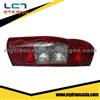 High Quality Car Taillight L:6C11 13405 AD R:6C11 13404 AD For Ford Transit 2006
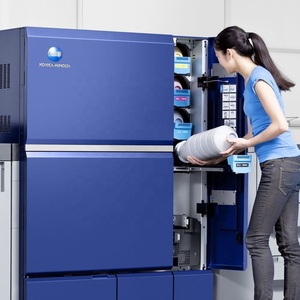 ตลับหมึก TN627 chinamate สำหรับ Konica Minolta accuriopress C12000 tn627 C14000หมึก Konica Minolta - Product Image 3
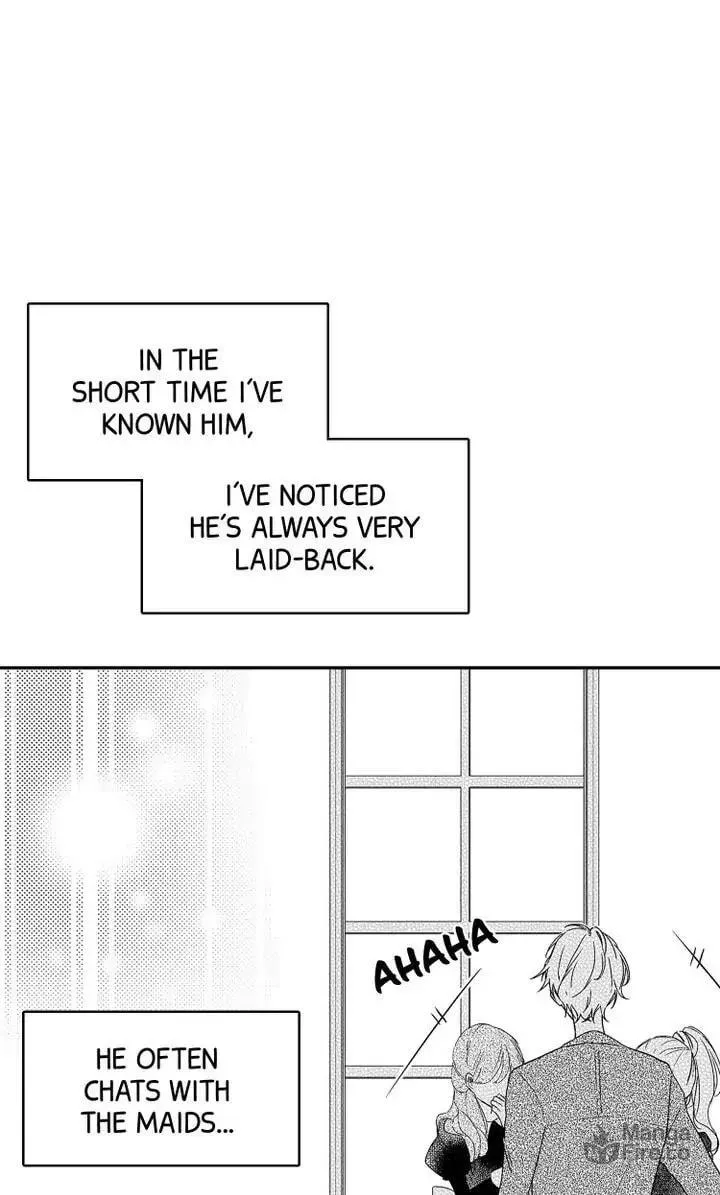 Read Adios April chapter 15 image 26 on Lezhin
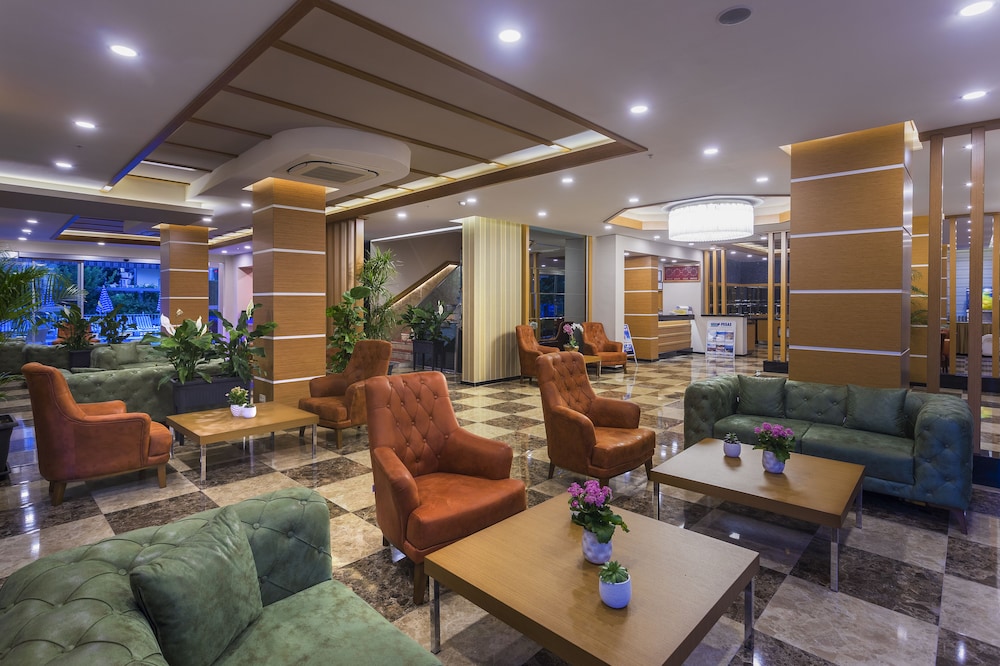 Lonicera City Hotel 37/58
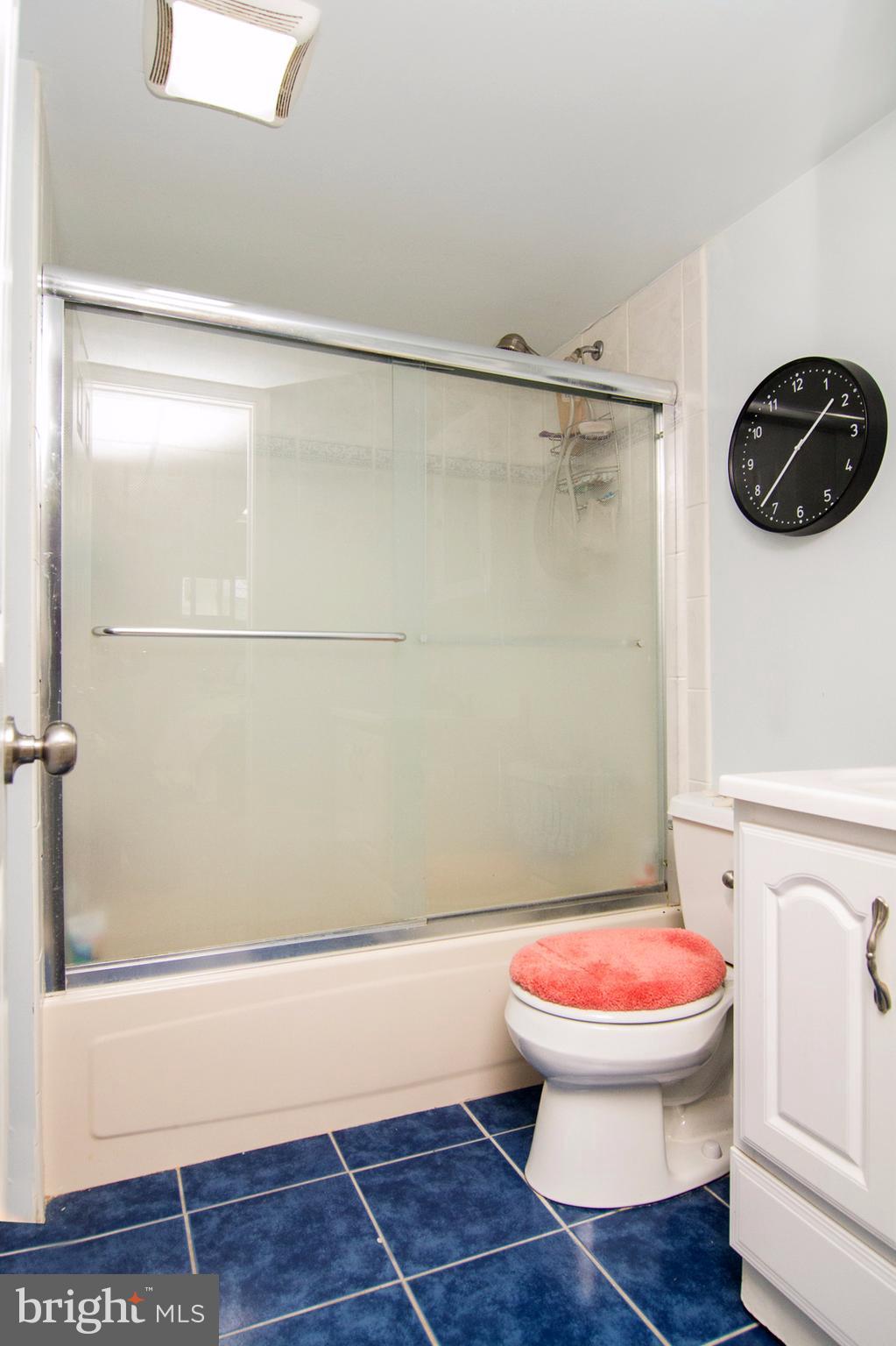 10505 Lester Street Silver Spring, MD 20902 - Photo 21 of 30 Redone bathroom!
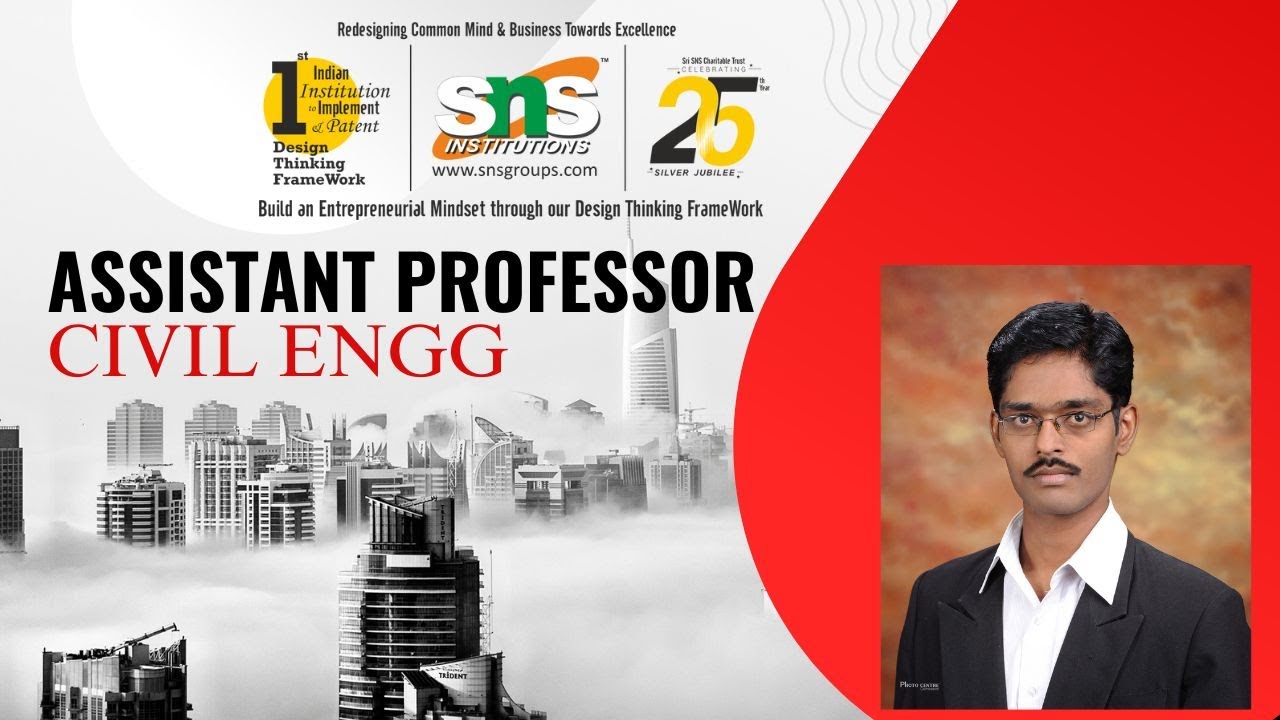 CASE STUDIES|EIA ON THERMAL POWER PLANT|SNS INSTITUTIONS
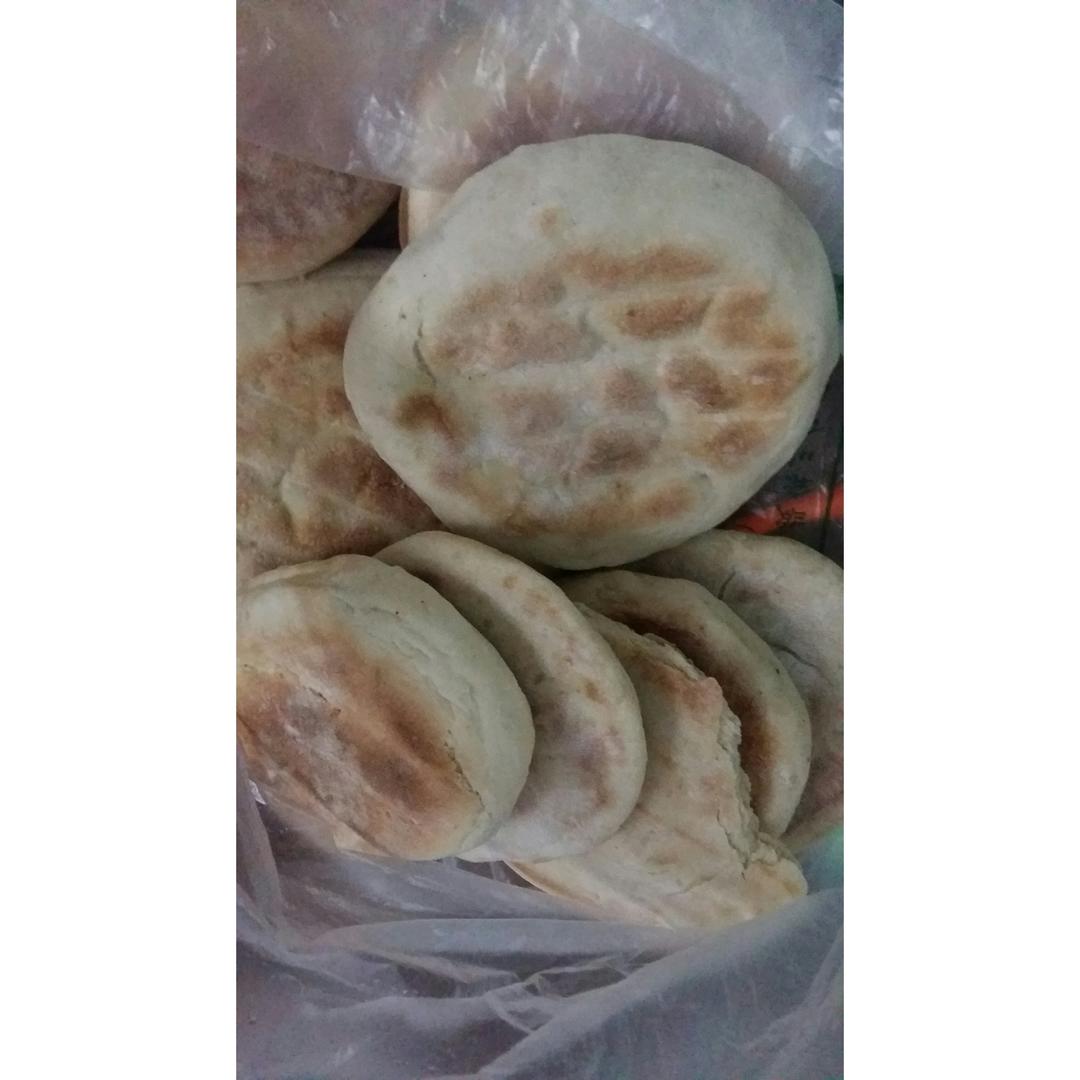 火烧
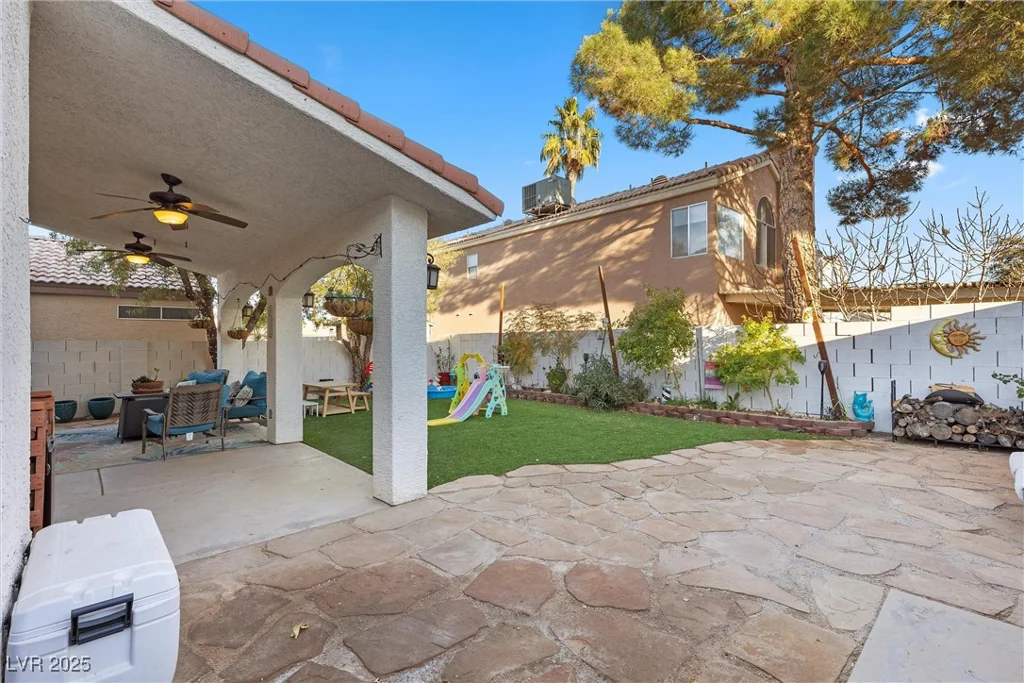 7044 Morales, Las Vegas, NV 89119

EXERCISE DETAILS:
All of the data gets printed again exactly; the pictures do not.

RESPONSE BELOW:
 High Quality Car Taillight L:6C11 13405 AD R:6C11 13404 AD For Ford Transit 2006
 ตลับหมึก TN627 chinamate สำหรับ Konica Minolta accuriopress C12000 tn627 C14000หมึก Konica Minolta - Product Image 3
 Read Adios April chapter 15 image 26 on Lezhin
 Lonicera City Hotel 37/58
 10505 Lester Street Silver Spring, MD 20902 - Photo 21 of 30 Redone bathroom!
 CASE STUDIES|EIA ON THERMAL POWER PLANT|SNS INSTITUTIONS
 火烧
 7044 Morales, Las Vegas, NV 89119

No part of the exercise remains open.